We will make it. God will see us through. God will not leave us. He is one step ahead.

The Lord Himself goes before you and will be with you; He will never leave you nor forsake you. Do not be afraid; do not be discouraged. (Deuteronomy 31:8)





Wednesday, August 12, 2009

Wordless Wednesday....


Cayden Matthew 30 wks (yes, that is a leg in front of face!)

Thursday, August 6, 2009

29 weeks


i find it rather amusing that this shirt makes me appear much smaller than i feel or look in other shirts!!! for instance, check out my last post with the black dress...the belly appears much larger. however, i did just take this picture 5 minutes ago, so i assure you that i am 29w 1d in this pic!

cayden got the hiccups for the first time on monday night...it reminded me so much of braxton. he got them again on tuesday night at the same exact time (10:15 pm) we also picked up his heartbeat with a baby stethoscope on monday night as well. it was pure bliss....after i counted the beats to make sure they were correct....the stethoscope sounds so much different than the dr's doppler.

most importantly, i wanted to post to inform you all that we have a scheduled c-section! cayden matthew will be here on oct 5 @ 9am!!!! we are so excited and nervous, which brings me to my prayer request.

could you please pray for jesse and i's sanity during these next few months. we are both worried sick about the delivery. we are constantly being mentally reminded of the terrible experience we encountered last time and the devastating outcome. jesse has worried himself sick the last few days. we know that God has a great plan and we are trying so hard to trust in it. but, after all that has happened sometimes it is so difficult to put trust in the same circumstance again.

"Do not be anxious about anything, but in everything, by prayer and petition, with thanksgiving, present your requests to God. And the peace of God which transcends all understanding will guard your hearts and your minds in Christ Jesus." [Philippians 4:6, 7]

Blessings,
Destiny, Jesse and Cayden

Saturday, August 1, 2009

BL...ZING!!!!

Jesse and I celebrated five wonderful years together last night. Jesse had decided months ago that we were going to go to a semi-formal dinner. There are so many little funny things that happened while we were planning for our night out.

1. While in Jamaica 2.5 yrs ago, Jesse and I purchased a past, present, future ring that was so expensive it was my early 5 year anniversary present...yes 2.5 years early! Well, after wearing it for a day on the beach, I decided to return it. FYI...returning expensive merchandise in Jamaica is a sin! The guy was very rude and basically said he was charging me at $450 restocking fee.

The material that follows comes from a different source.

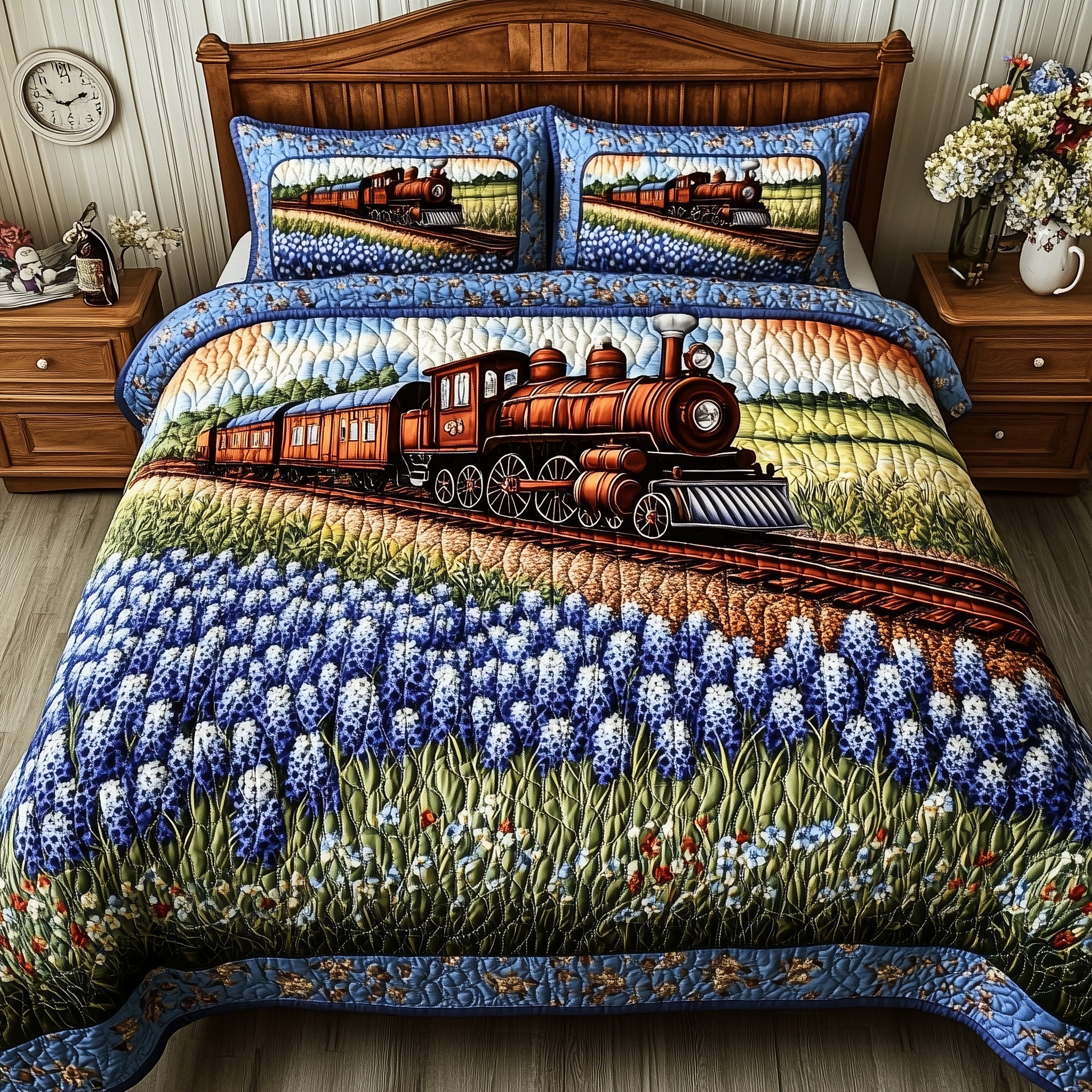 Bluebonnet Express Quilted Bedding Set Duvet Cover Merchandise Gifts For Train Enthusiasts
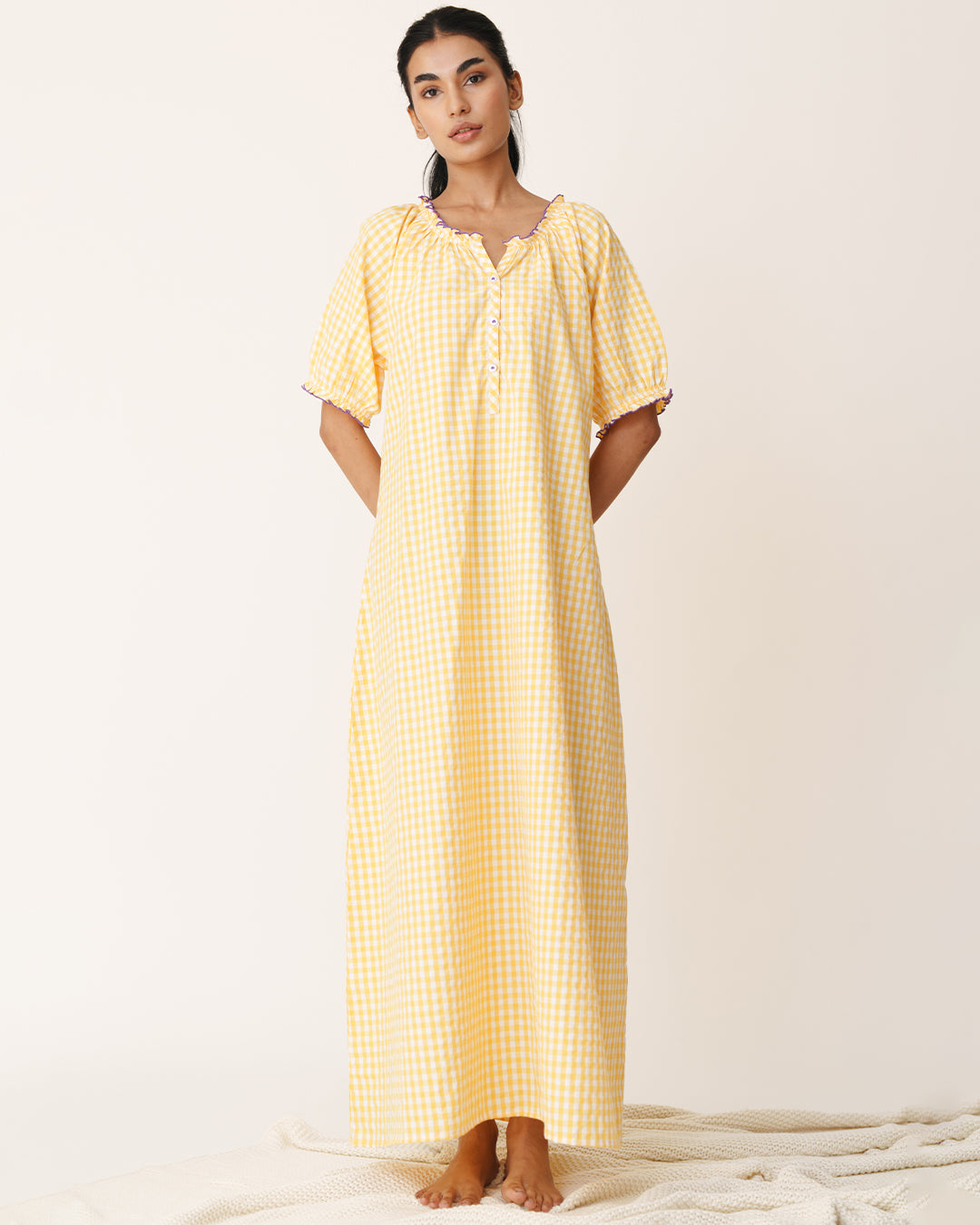 Sunwarm - Everyday Sleep Dress <br> Women’s Cotton Gingham Sleep Nighty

This is when over-the edge Destiny (I was taking hormone pills for fertility) told the dude off. He kinda just gave in at that point.

So, I was thinking that I would be getting this ring again, seeing how the 5 years is actually here. I received two phone calls from our bank person stating that "he was returning my call." However, I hadn't called, so it really made me wonder. I checked all bank statements thoroughly, but never any sign of change. As the day drew nearer, I was beginning to wonder if just maybe I wasn't getting my ring. Jesse had stated two weeks ago that I was allowed to buy a card, but we weren't getting gifts, b/c he wanted to save up for his time off when Cayden arrives.

A month or so ago, we were somehow talking about Jamaica and he said "do you remember when we bought that ring...how big was that thing?"

A few days ago, Jesse and I were talking about credit cards (I have an ER one). I giggled and said "well you have one too, but I have it"...and then I showed him that indeed his was in my wallet (not yet activated after 3 years!) I returned it to my wallet and never thought anything of it. I had his unemployment visa laying in my car on Wednesday, so I decided before I lost it that I had better put the card in my wallet. Ironically, I didn't even look in the pocket where his credit card is too, I just drop the visa in and walked away.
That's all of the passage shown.